◆ **Brief**
Only an exact reprint of all the data is acceptable.

◆ **Data**
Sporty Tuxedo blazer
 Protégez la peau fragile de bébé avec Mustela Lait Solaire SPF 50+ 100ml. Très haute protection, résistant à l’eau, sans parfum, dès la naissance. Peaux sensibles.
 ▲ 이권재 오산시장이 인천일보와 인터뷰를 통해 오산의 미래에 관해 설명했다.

◆ **Response box**
Sporty Tuxedo blazer
 Protégez la peau fragile de bébé avec Mustela Lait Solaire SPF 50+ 100ml. Très haute protection, résistant à l’eau, sans parfum, dès la naissance. Peaux sensibles.
 ▲ 이권재 오산시장이 인천일보와 인터뷰를 통해 오산의 미래에 관해 설명했다.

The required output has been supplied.